In the August 1990 and January 1991 editions of Construction Werks we looked at the law of liens as we believed that liens cause uncertainty and debate amongst contractors. In this edition we re-visit the topic of liens from a different perspective, namely that of the sub-contractor. To the extent that this edition of Construction Werks overlaps with previous editions we believe that the principles bear repetition. This edition will be of interest not only to those in the construction industry but also to those involved in property development generally.
A lien is the right to retain physical control over property owned by another to secure payment for what one has expended in money or money’s worth on that property. A lien is nothing more than a form of security for payment which arises by operation of law.
There are two types of liens –
- debtor and creditor liens
- real liens
A debtor and creditor lien secures an amount owing by a debtor to a creditor in terms of a contract for expenses incurred by the creditor on the property pursuant to the contract. Real liens have their roots in the doctrine that nobody may enrich himself at the expense of another. Unlike a debtor and creditor lien a real lien does not flow from a contract. A real lien arises where a person expends money or labour on another’s property which is necessary to maintain or protect that property or which enhances the market value of the property if the owner of the property is enriched thereby.
This article covers real liens because except in certain exceptional circumstances the owner of property shares no contractual privity with the sub-contractor. The owner’s contract is usually with the contractor only.
Requirements for a sub-contractor to have a lien
For a sub-contractor to have a lien in respect of money or money’s worth which he has expended on the owner’s property, he must establish that –
- he is in possession of the property; and
- the owner has been enriched by his expenditure (and that he himself has consequently been impoverished).
We will begin by looking at the second requirement, ie the enrichment of the owner.
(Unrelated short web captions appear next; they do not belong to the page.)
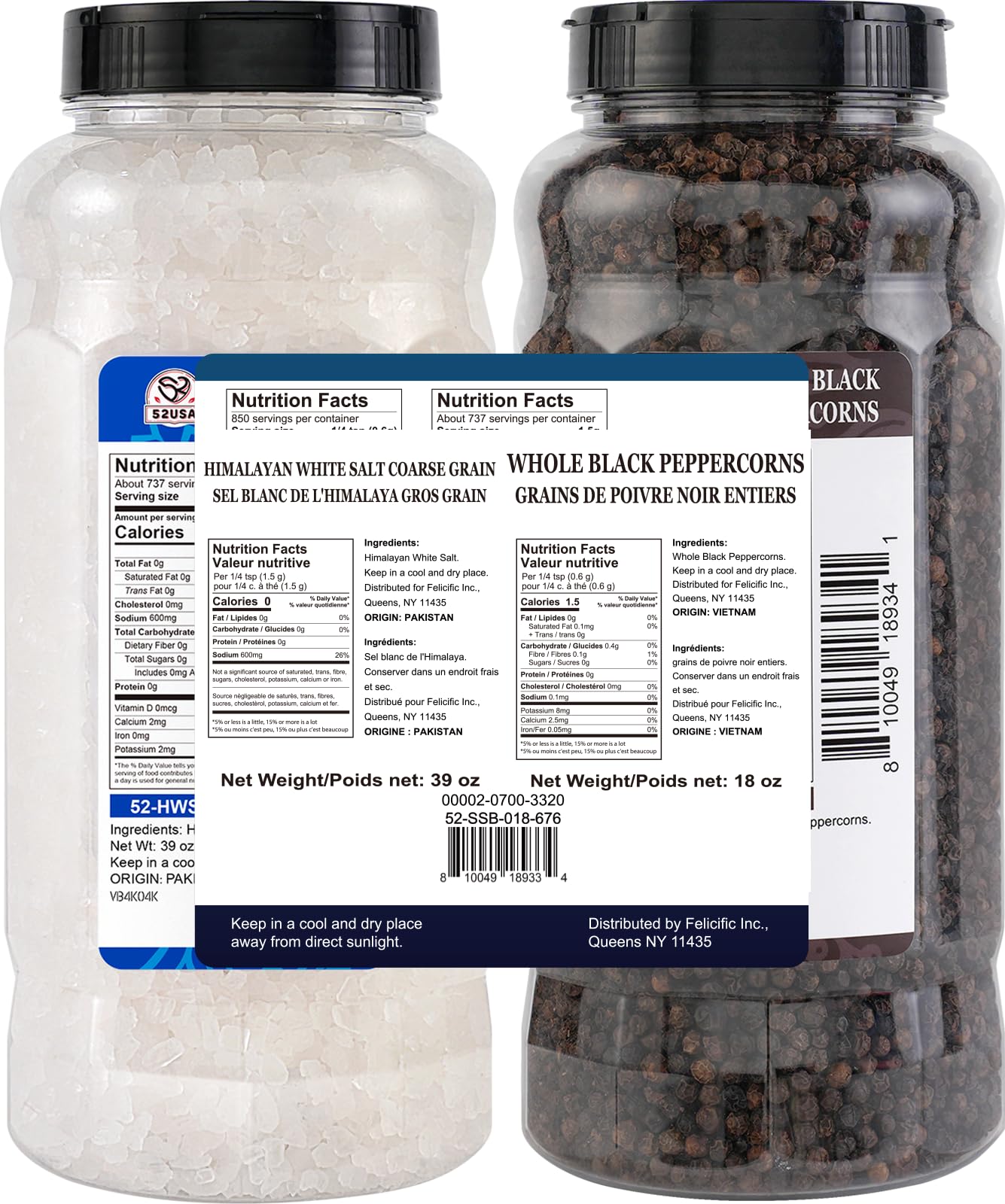 52USA Himalayan White Salt (Coarse Grain) 39 oz + Whole Black Peppercorns 18 oz, Salt and Pepper Grinder, Black Peppercorn Refil, Sea Salt for Grinder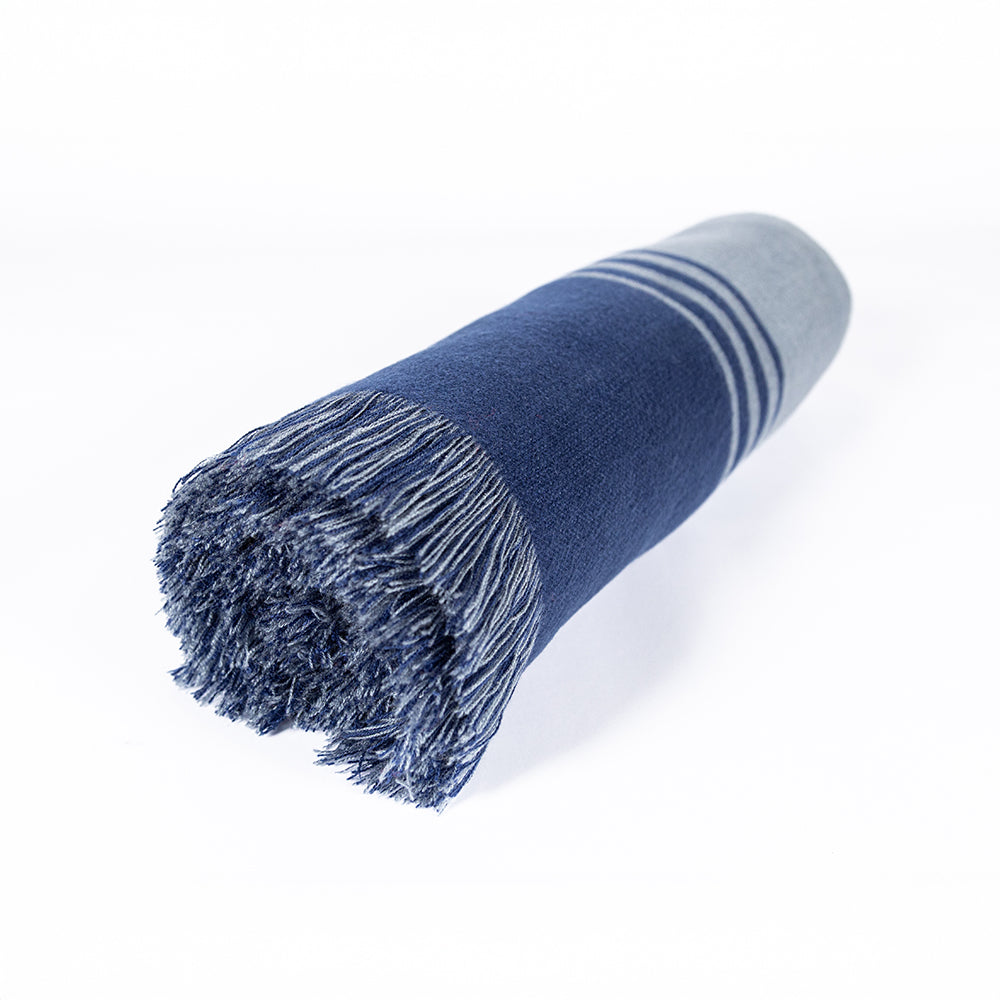 Stockholm - Blue and Gray Luxury Throw Blanket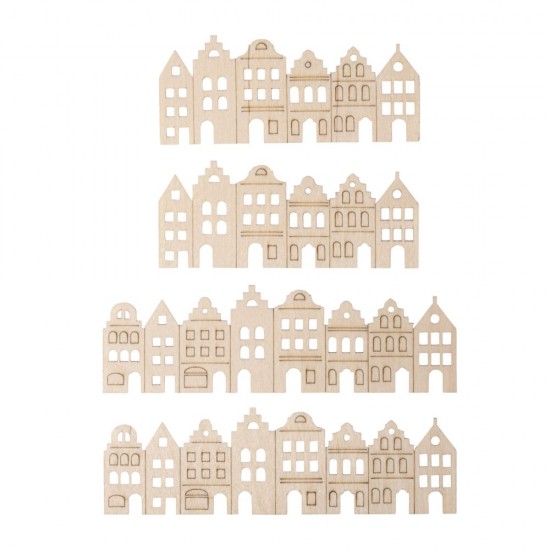 Casute nordice din furnir  2x10,2x4,2+13,8x4,2cm, Rayher, 4/set, natur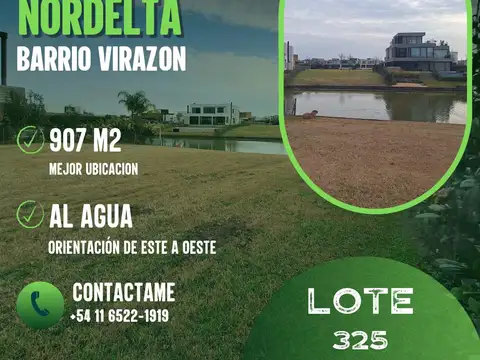 Espectacular Lote De 907m2 Al Agua En Virazón, Nordelta.
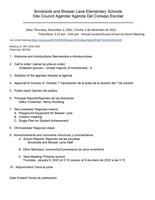Brookside and Blosser Lane Elementary SchoolSite Council Agenda/ Agenda Del Consejo Escolars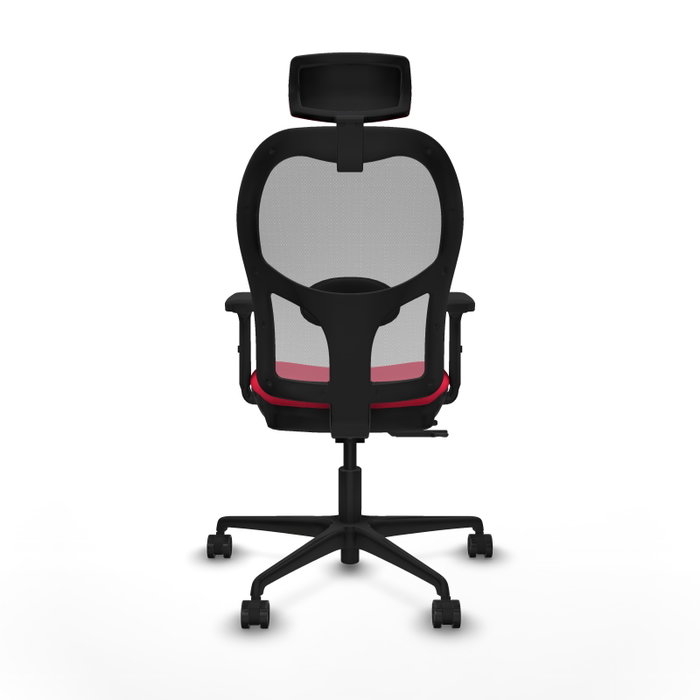 PIQUERAS Y CRESPO Silla de oficina Jorquera con mecanismo Sincro/Traslack, Rojo y Gris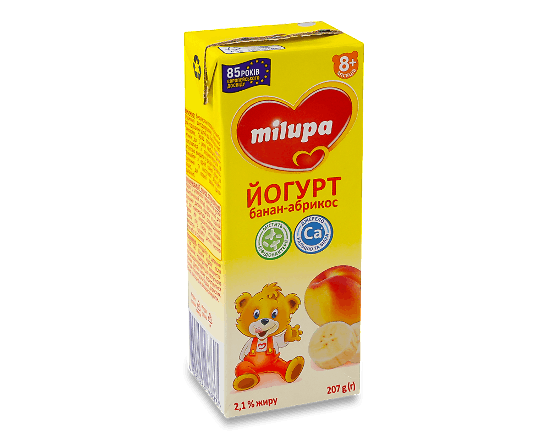 Йогурт Milupa банан-абрикос з біфідобактеріями 2,1% т/п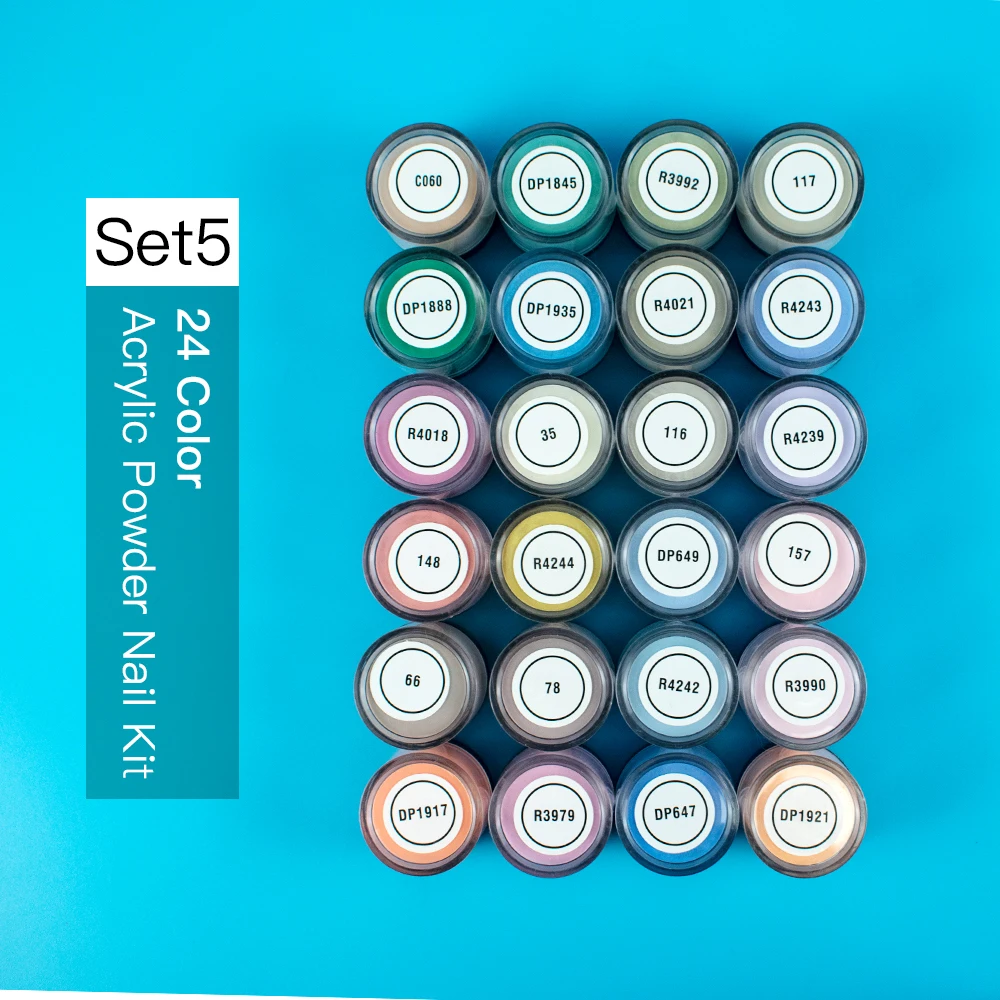Private Label 24 Colors set Acrylic Powder glitter Matte acrylic powder
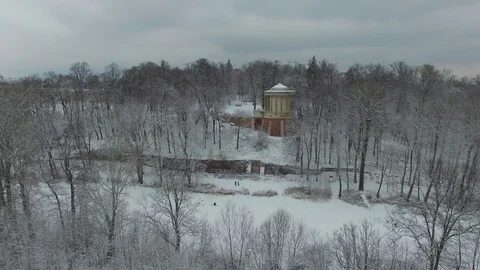 Temple of the Sibyl in winter Stock Footage 85620677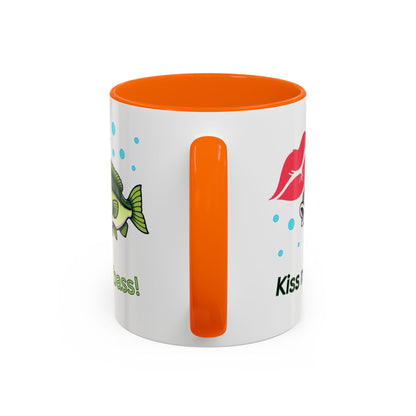 Funny Fishing Mug, Kiss My Bass Coffee Cup, Great for Anglers, Unique Gift for Dad, Humorous Fishing Lover Present, 11oz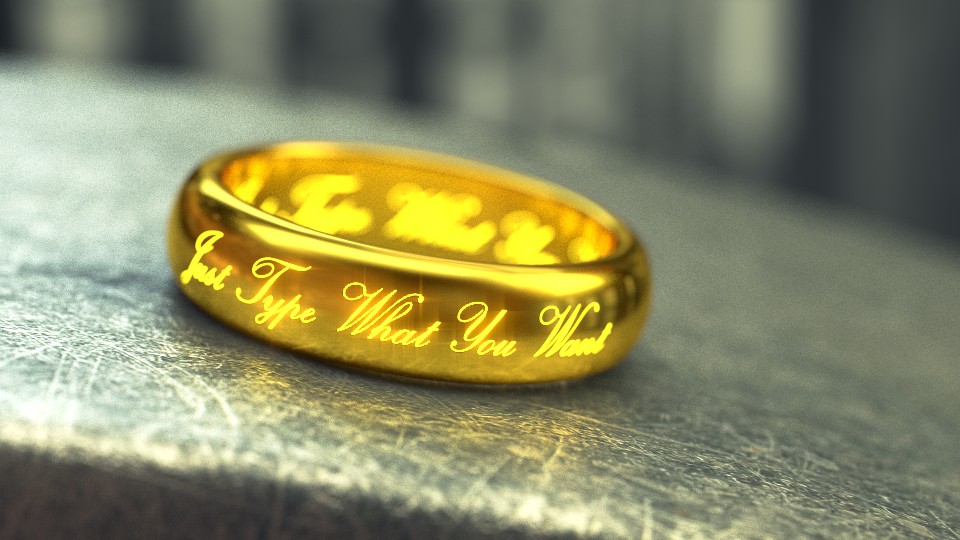 Gold ring with text preview image 1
Many sub-contractors wrongly believe that because they have expended money on the property of another they automatically have a valid lien over that property. This is not necessarily the case as often the owner of the property has not been enriched as he has paid the contractor in terms of the contract between them. Even if his property has been improved by the efforts of the sub-contractor the owner will not be enriched if the value of his total estate has decreased because of payments to the contractor. If this is the position the sub-contractor will not have a lien over the property. This is the principle laid down by the Appellate Division in WYNLAND CONSTRUCTION (PTY) LIMITED v. ASHLEY-SMITH EN ANDERE 1985 (3) SA 798 (A). This was a decision of the full bench of the Appellate Division delivered by the then Chief Justice, Mr Justice Rabie. Sub- contractors should take alternative steps to ensure that they are paid rather than to rely on a lien which may not exist.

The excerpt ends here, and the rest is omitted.